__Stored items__
---+---
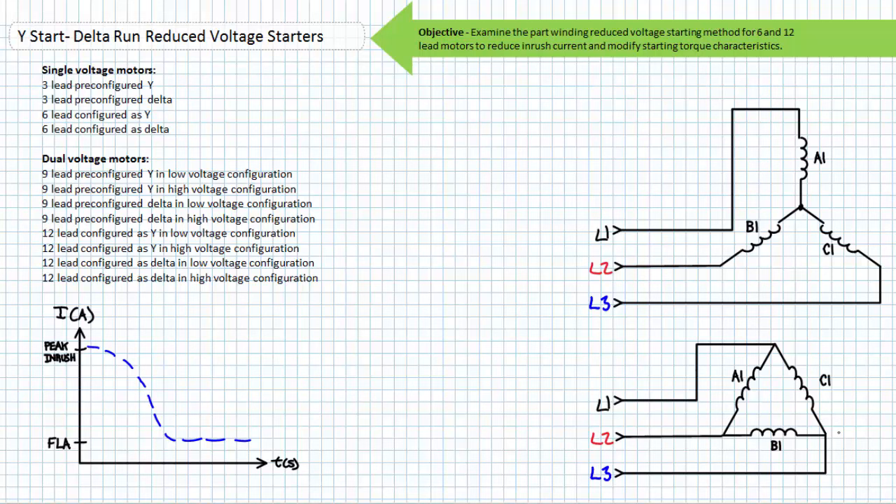Good day and welcome to Big Bad Tech. I'm your instructor Jim Pytel, and today's topic of discussion is Y Start Delta Run Reduced Voltage Starters. Our objective is to introduce the Y Start Delta Run Reduced Voltage Starting method. Reduced Voltage Starting methods reduce inrush current and modify acceleration and starting torque characteristics.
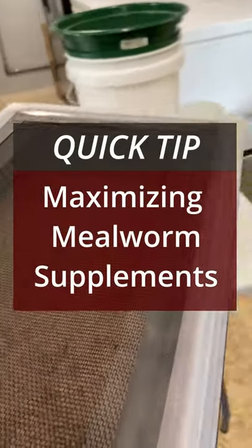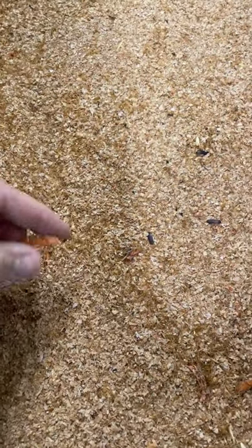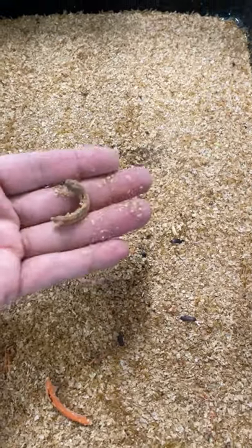To maximize the efficiency of your mealworm colony, you should keep the humidity of the room between 50 to 60 percent. However, when you do this, the moisture supplements you provide for your mealworms can sometimes dry out before they are fully consumed.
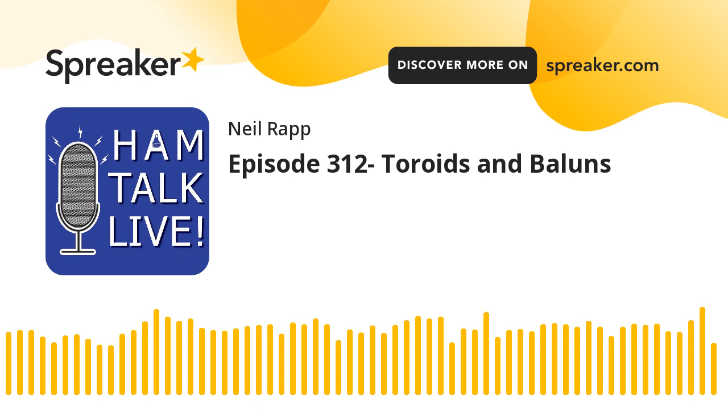Thanks for tuning in. Today we're joined by John Portune, W6NBC. Last episode featured Michael Cawley, W4ORL, and Mike Banigan, KJ4UDO. We talked about the Orlando Hamcation, just a couple of weeks off, and the award winners from the Hamcation committee. If you missed that show, you can listen anytime at HamTalkLive.com, on your favorite podcast app, or on YouTube. I have several quick announcements before we get to talking to John about toroids and baluns.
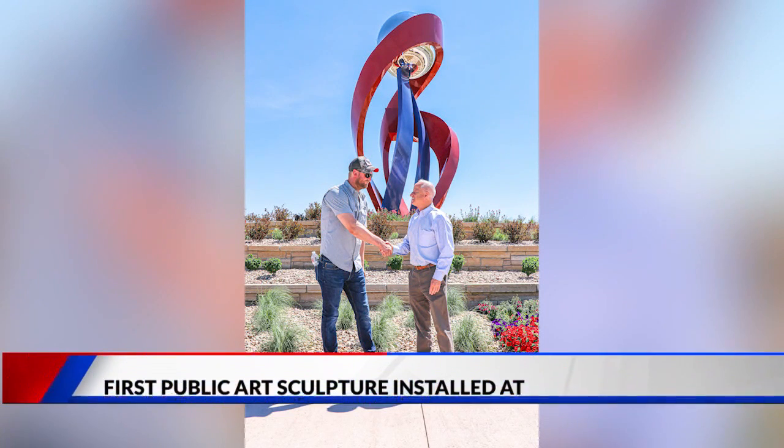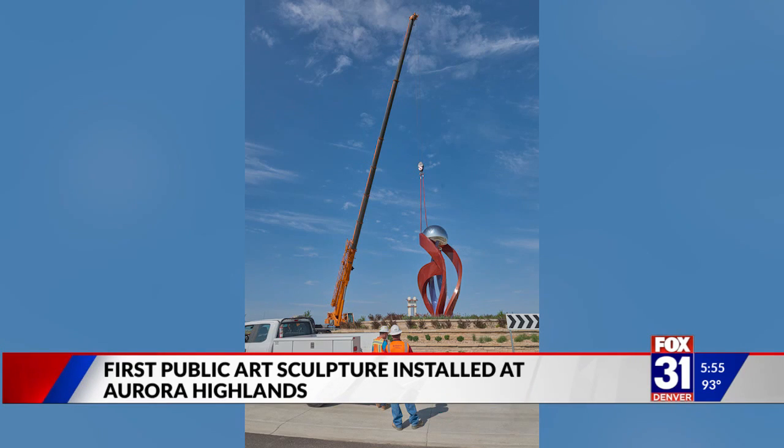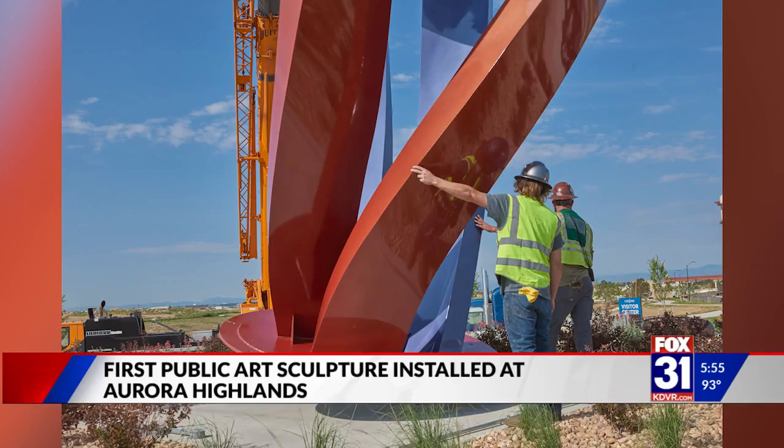Aurora Mayor Mike Hoffman paying a visit today to the first original public art sculpture at the Aurora Highlands. Lifeblood is a 28-foot-tall, 7,000-pound sculpture designed by an artist known as Hunter Brown. Officials say it is the first of many public art pieces that will be installed along the two-mile Hogan Park at Highlands Creek.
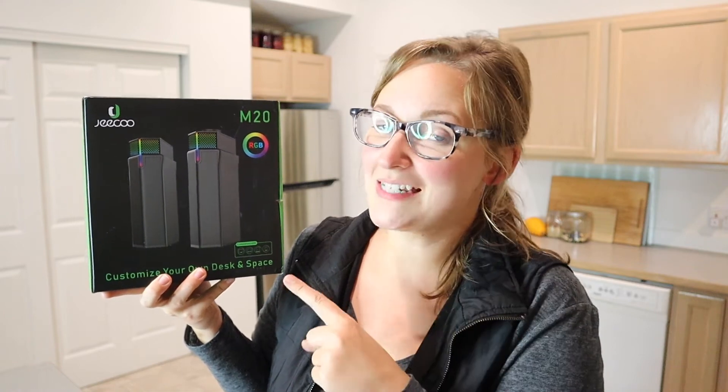Hello, welcome back to KG Simple Reviews. Today I'm going to be reviewing these GQU M20 computer speakers.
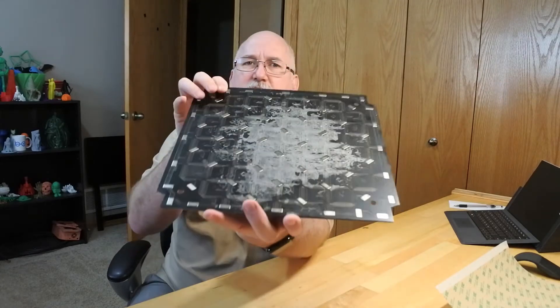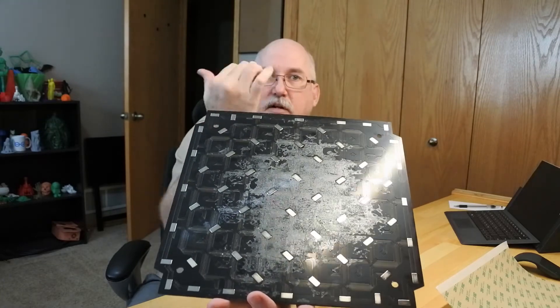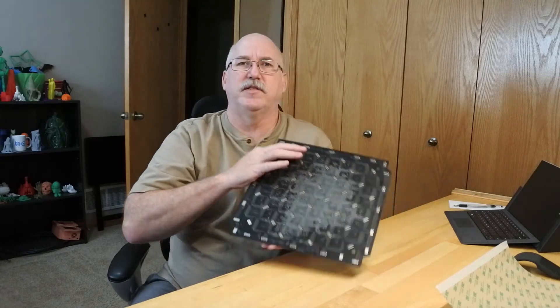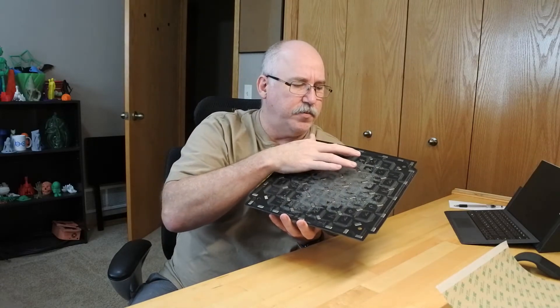Biltak basically confirmed what I already thought — that I should be able to pop it off with no major problem. The Biltak guys said that when they build these things originally they put all the north-south poles in the same direction, but they specifically said in the email it doesn't matter and not to stress about it. They said to peel it all up and clean things up. There's a little bit of residue on this piece but it's so thin I don't think it'll cause a problem.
---+---
__Aim of the task__
Could you please write out exactly the lines from the start of the entries above through the line that holds "Thanks for tuning", both included, with no pictures?

__Written solution__
Good day and welcome to Big Bad Tech. I'm your instructor Jim Pytel, and today's topic of discussion is Y Start Delta Run Reduced Voltage Starters. Our objective is to introduce the Y Start Delta Run Reduced Voltage Starting method. Reduced Voltage Starting methods reduce inrush current and modify acceleration and starting torque characteristics.
To maximize the efficiency of your mealworm colony, you should keep the humidity of the room between 50 to 60 percent. However, when you do this, the moisture supplements you provide for your mealworms can sometimes dry out before they are fully consumed.
Thanks for tuning in. Today we're joined by John Portune, W6NBC. Last episode featured Michael Cawley, W4ORL, and Mike Banigan, KJ4UDO. We talked about the Orlando Hamcation, just a couple of weeks off, and the award winners from the Hamcation committee. If you missed that show, you can listen anytime at HamTalkLive.com, on your favorite podcast app, or on YouTube. I have several quick announcements before we get to talking to John about toroids and baluns.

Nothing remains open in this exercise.